**Assigned task:** Copy exactly, no pictures: every line from the one that contains "Givenchy Calfskin Cut" through the end of the entries below.
** Data shown follows **
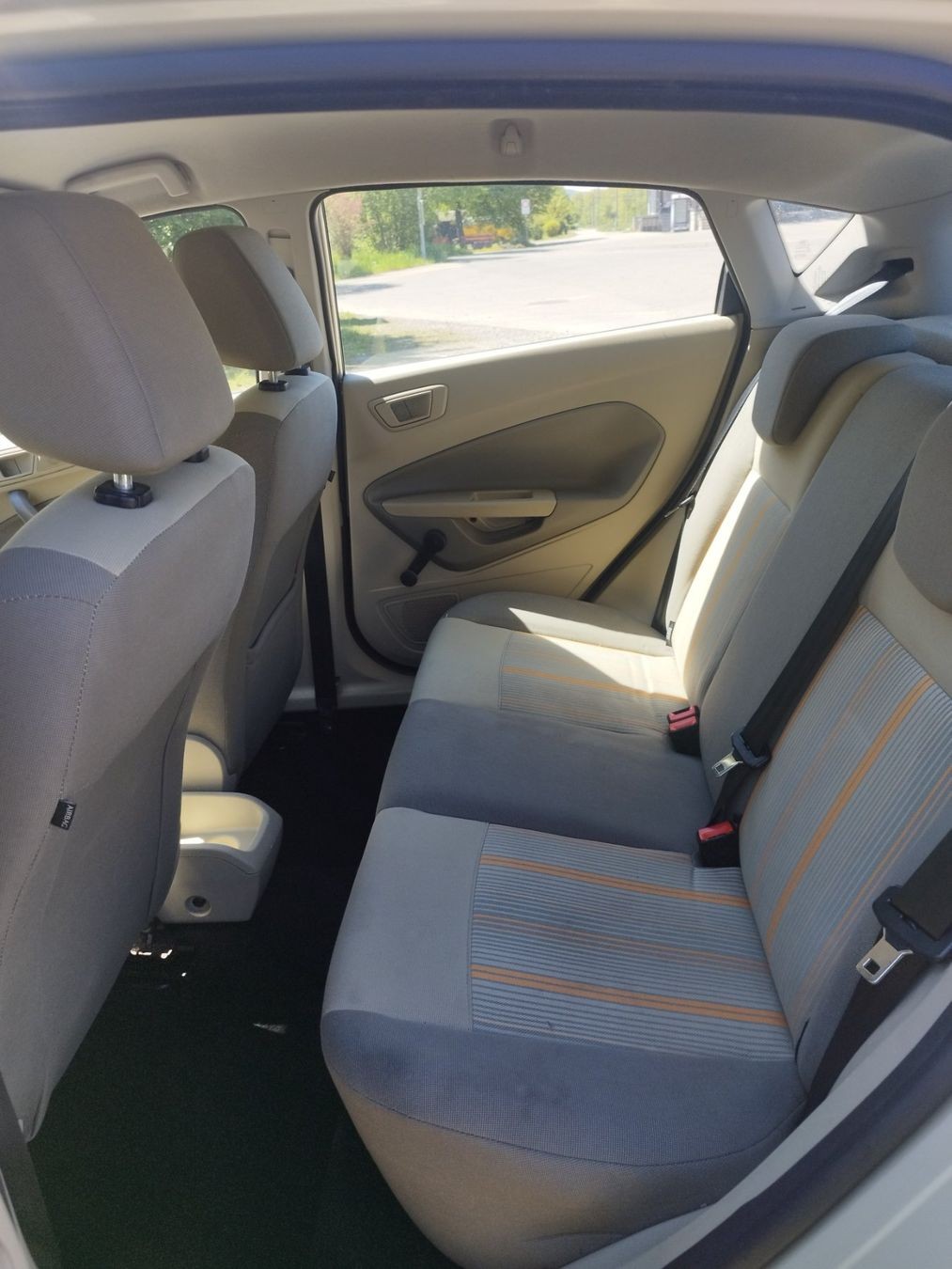 FORD 1.4 16V Trend-image-3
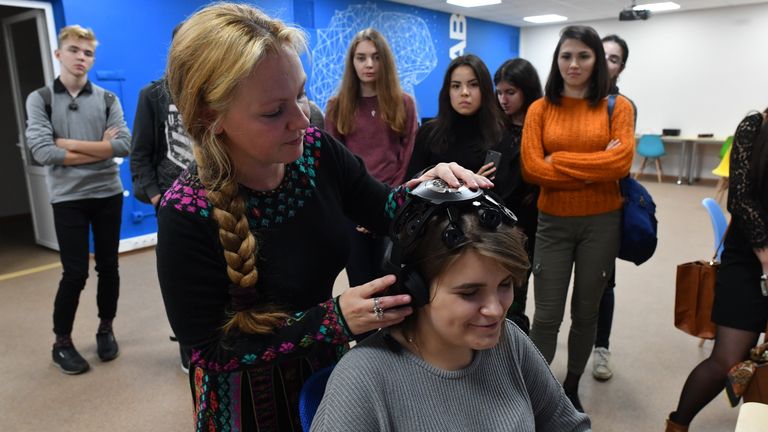 Демонстрация работы безгелевого энцефалографа Демонстрация работы безгелевого энцефалографа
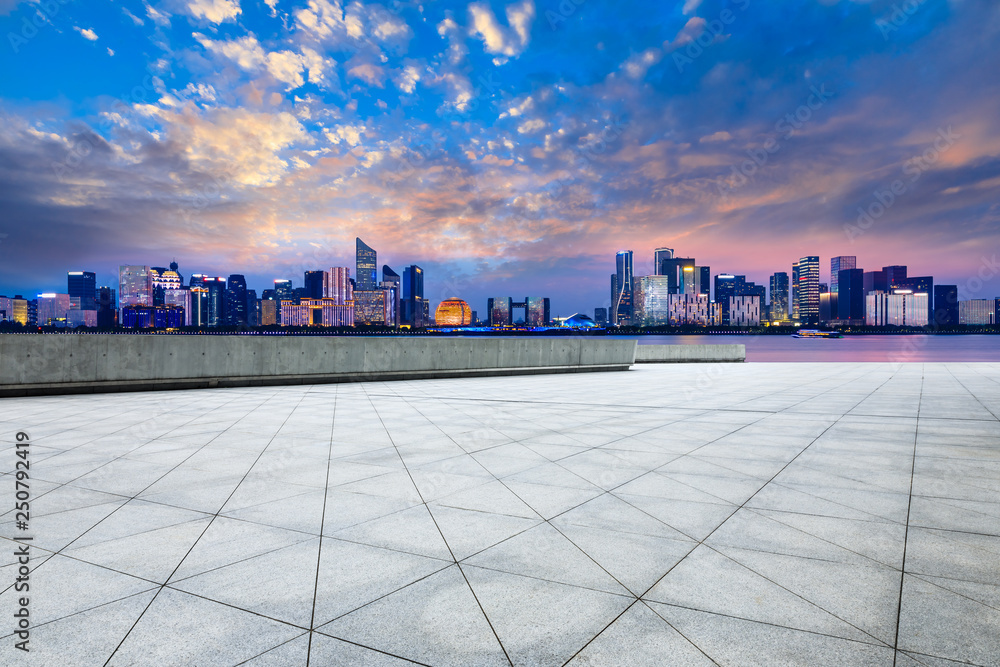 空荡荡的广场层，杭州美丽的城市夜景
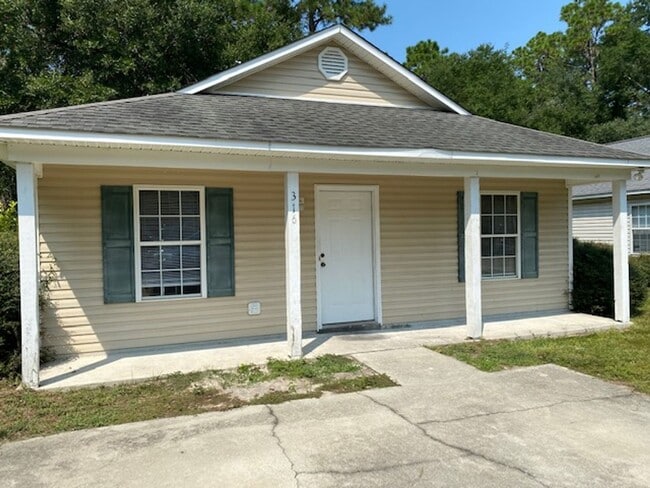 Home in Hillsdale - Home in Hillsdale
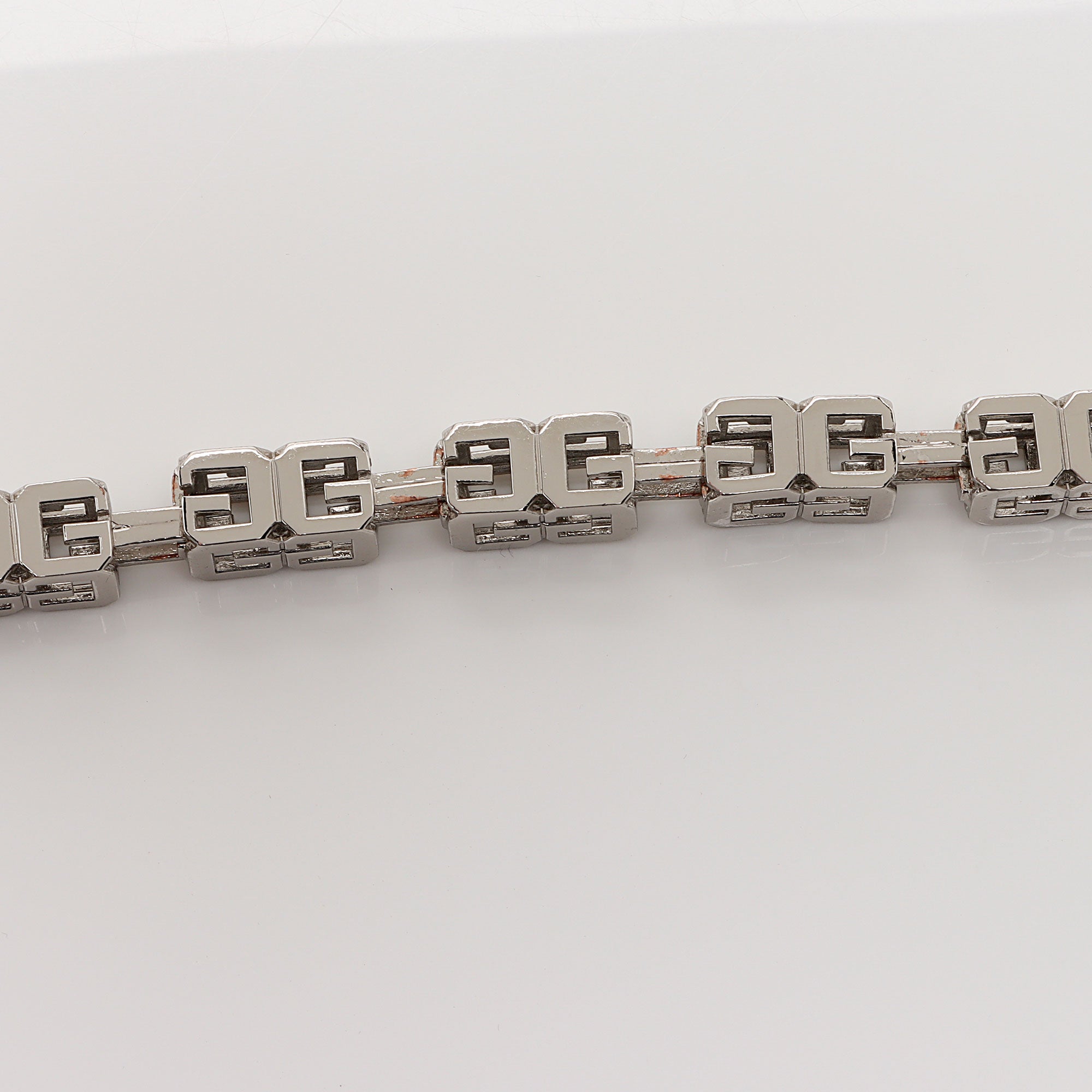 Givenchy Calfskin Cut Out Mini G Cube Chain Bag (SHF-AOJysH)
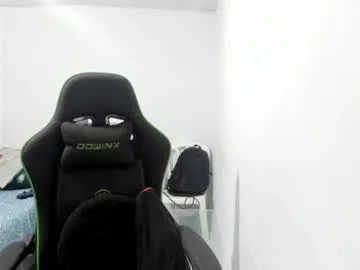 YiQiao – webcam model profile photo Image 7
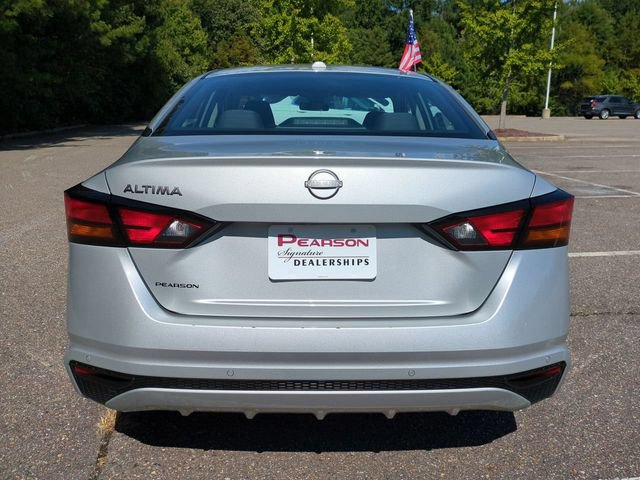 Used 2025 Nissan Altima 2.5 SV FWD image 5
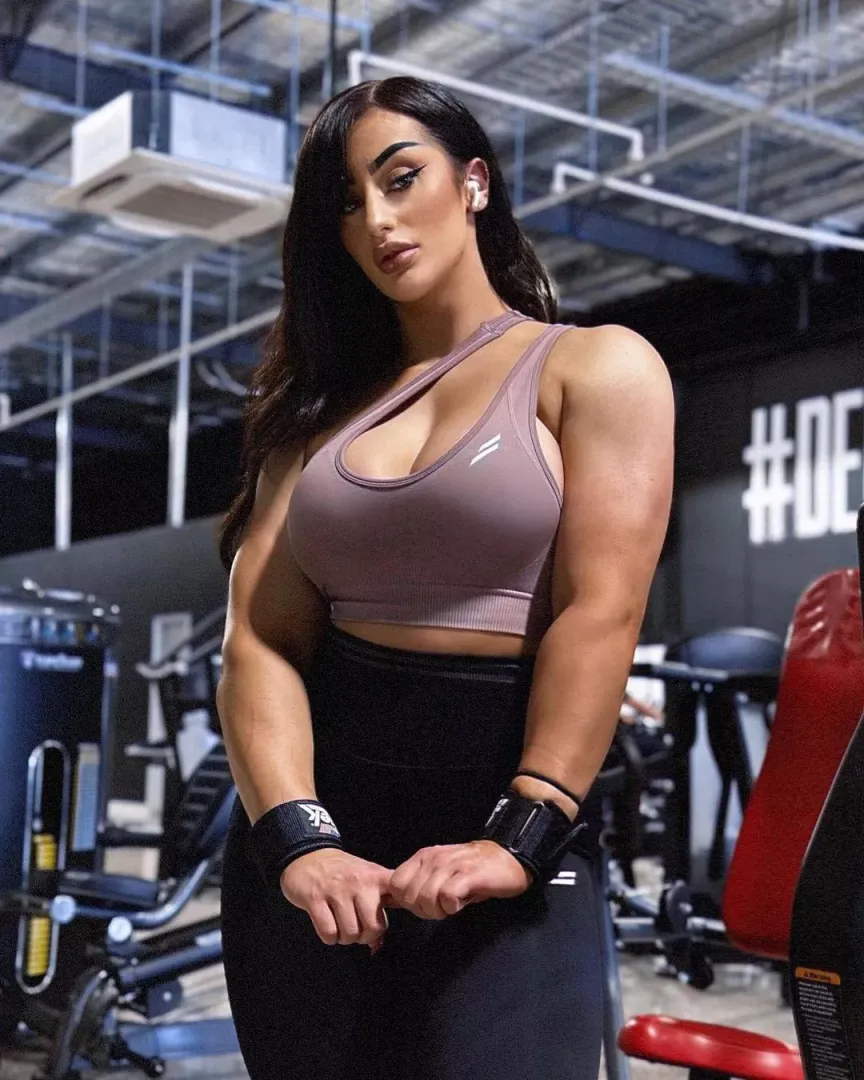 Kiki Vhyce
** End of Data shown **
**Written response:**
 Givenchy Calfskin Cut Out Mini G Cube Chain Bag (SHF-AOJysH)
 YiQiao – webcam model profile photo Image 7
 Used 2025 Nissan Altima 2.5 SV FWD image 5
 Kiki Vhyce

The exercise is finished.